GM spokesman Tony Sapienza said the company will eliminate shifts with 750 workers each at Flint and Janesville, 1,150 workers in Pontiac and 900 workers in Oshawa.
“Those are the people that we believe will be impacted based on what the shifts are,” he said. “We’ll be working with our partners to determine how that’s brought to fruition.”
Greg Gardner, an analyst with the Oliver Wyman Group, said the cuts look like “a realistic assessment.”
“The full-size pickup and SUV market is not going to rebound anytime soon,” he said. “It looks like that they don’t plan on making up very much of the production loss due to the American Axle strike.”
Gardner said GM’s announcement reflects the industry’s overall production forecast this year, down to about 15 million light vehicles from an earlier forecast of 15.5 million.
“Obviously, the larger, heavier vehicles are taking the biggest hit,” he said.
The Flint, Pontiac and Oshawa plants make the Chevrolet Silverado and GMC Sierra pickups, while Janesville manufactures the Chevrolet Tahoe and Suburban and GMC Yukon big SUVs.

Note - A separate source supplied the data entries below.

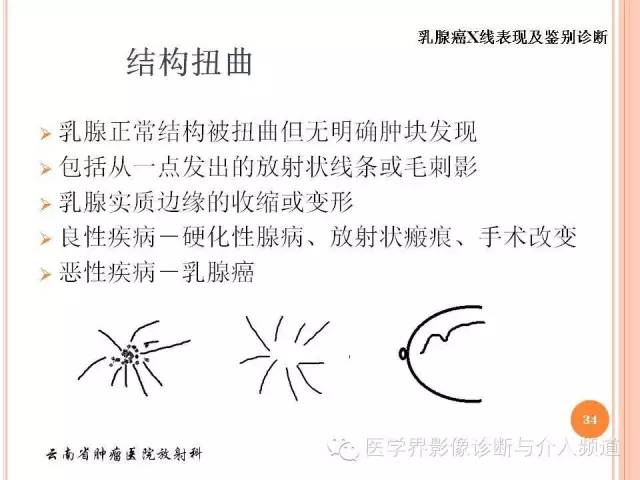 【PPT】乳腺癌的X线表现及鉴别诊断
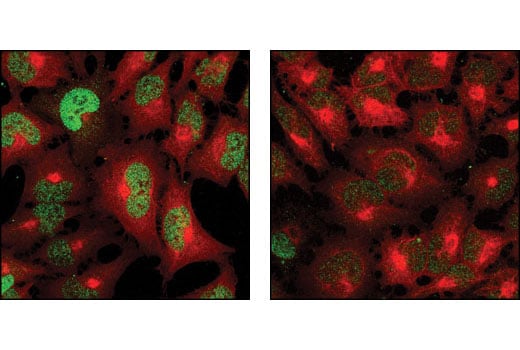 Immunofluorescence Image 1: Phospho-Stat5 (Tyr694) (C71E5) Rabbit Monoclonal Antibody
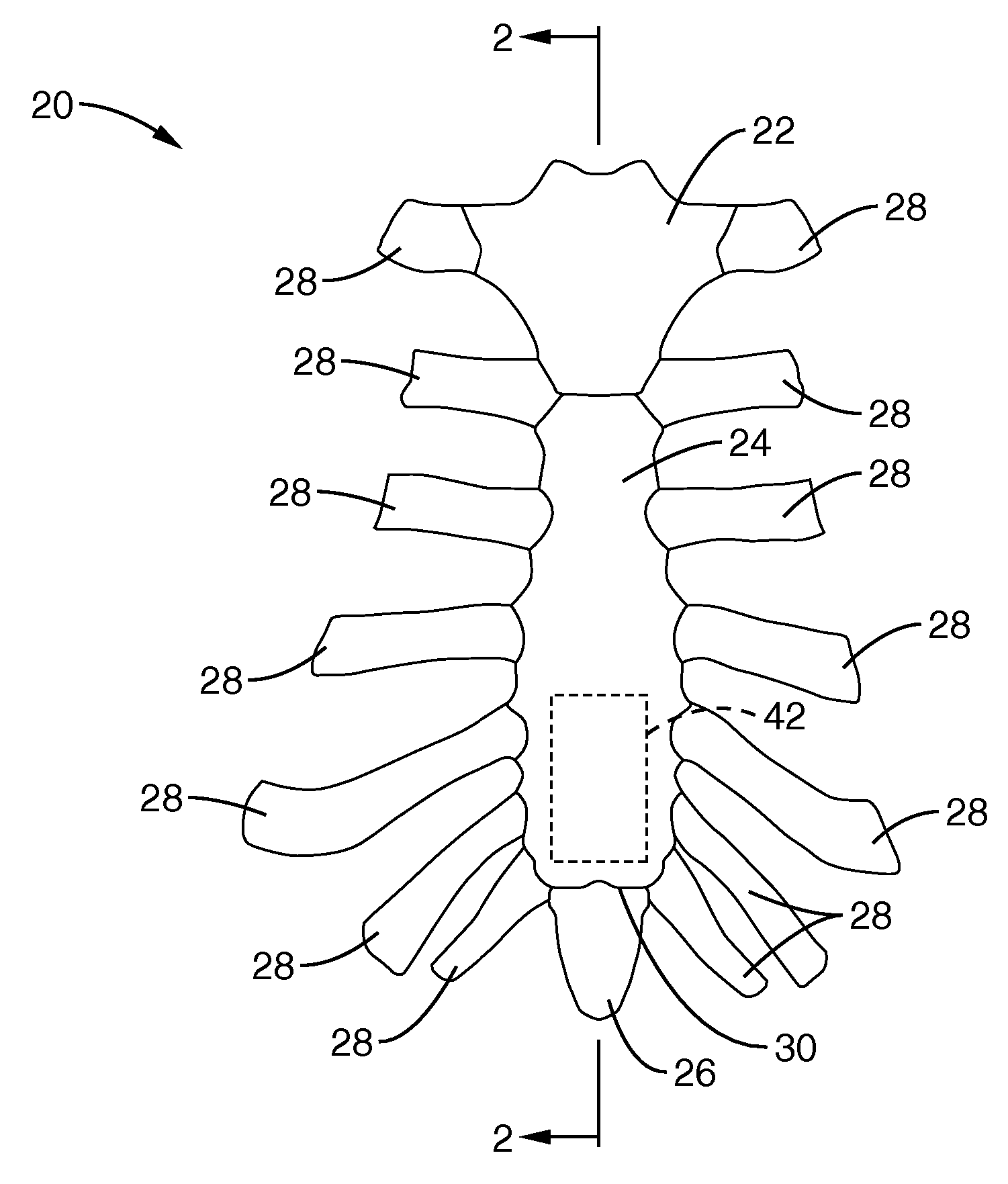 Apparatus and methods for magnetic alteration of anatomical features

GM said pickup sales overall are down 15 percent through March, while sales of large SUVs are off 26 percent. Dealers in much of the country say the bigger vehicles aren’t selling because of the economy and gasoline prices.
George Tasker, the top salesman at Martin Chevrolet in Torrance, Calif., said buyers are sitting on the sidelines for most vehicles mainly due to economic uncertainty and declining home values.
“Everybody’s going to drive a little bit longer until we can figure out where this thing is going,” he said.
Los Angeles-area dealers still can get just about any truck or SUV a customer wants by trading with each other, despite curtailed production from the American Axle strike, he said.
Jesse Toprak, chief industry analyst for the auto information site Edmunds.com, said GM has a 92-day average supply of large trucks. A 60-day supply is considered optimal in the business.
He said the automaker will lose about $4.4 billion in gross sales because of the production cuts, but it’s nearly impossible to determine the impact on GM’s net profits.
The production cuts should help GM keep its inventory under control, said Catherine Madden, an analyst with the consulting firm Global Insight.
“They’re not going to put themselves in a position where they’re going to overbuild and sell at any costs,” she said.
“They take the hit now instead of being forced with their back up against the wall in September.”
GM said it did not forecast how many of those vehicles it expected to make this year, but it sold about 1.1 million of them in the U.S. last year, according to Autodata Corp.
The announcement was made after the close of regular trading. GM shares gained 56 cents, or 2.6 percent, to close at $21.94, and were unchanged in after-hours trading.
The cuts come as 74,000 U.S. workers represented by the United Auto Workers face a May 22 deadline to decide on GM’s latest round of buyout and early retirement offers.
GM won’t say how many workers it hopes to shed, but under its new contract with the UAW, it will be able to replace up to 16,000 workers doing nonassembly jobs with new employees who will be paid half the old wage of $28 per hour.